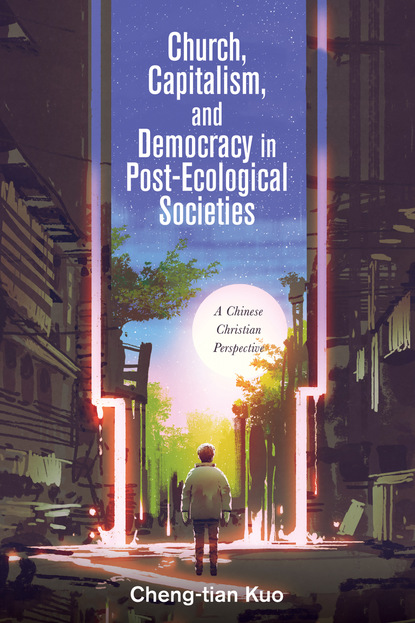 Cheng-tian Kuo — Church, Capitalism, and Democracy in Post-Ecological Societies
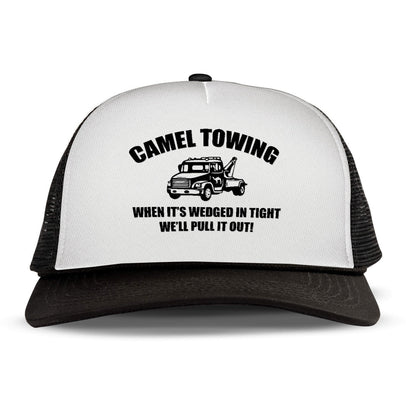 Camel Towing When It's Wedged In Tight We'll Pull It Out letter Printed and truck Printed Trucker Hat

□ □ □ □ □

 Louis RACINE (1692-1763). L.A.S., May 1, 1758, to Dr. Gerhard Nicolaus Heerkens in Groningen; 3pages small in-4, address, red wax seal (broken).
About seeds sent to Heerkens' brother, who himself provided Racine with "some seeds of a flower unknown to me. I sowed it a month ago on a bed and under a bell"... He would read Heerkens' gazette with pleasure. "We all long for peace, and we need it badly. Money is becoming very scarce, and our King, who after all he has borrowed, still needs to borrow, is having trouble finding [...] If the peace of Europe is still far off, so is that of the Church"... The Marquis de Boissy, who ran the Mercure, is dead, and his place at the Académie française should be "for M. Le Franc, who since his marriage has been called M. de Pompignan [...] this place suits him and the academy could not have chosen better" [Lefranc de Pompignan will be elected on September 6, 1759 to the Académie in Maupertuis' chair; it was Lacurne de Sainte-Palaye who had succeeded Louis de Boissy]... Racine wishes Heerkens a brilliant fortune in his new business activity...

□ □ □ □ □

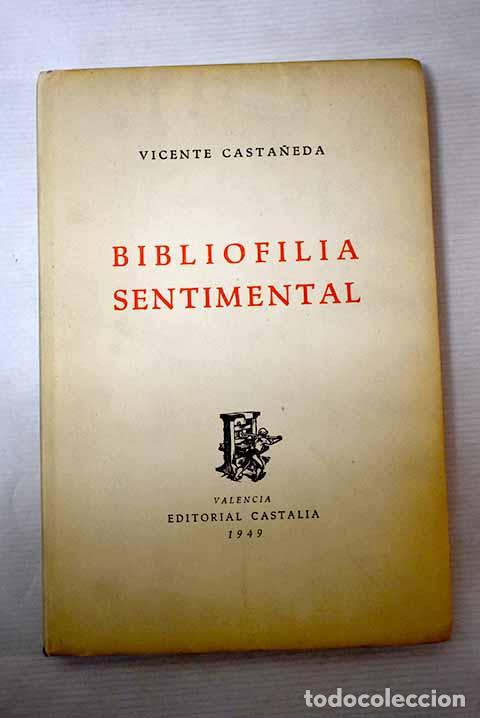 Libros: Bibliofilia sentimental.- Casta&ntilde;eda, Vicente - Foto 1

□ □ □ □ □

**Problem**
Only the lines starting at the one with "Cheng-tian Kuo —" and ending at the one with "Camel Towing When" should be printed, each exactly as it appears in the material above; the pictures are to be omitted.

**Written solution**
 Cheng-tian Kuo — Church, Capitalism, and Democracy in Post-Ecological Societies
 Camel Towing When It's Wedged In Tight We'll Pull It Out letter Printed and truck Printed Trucker Hat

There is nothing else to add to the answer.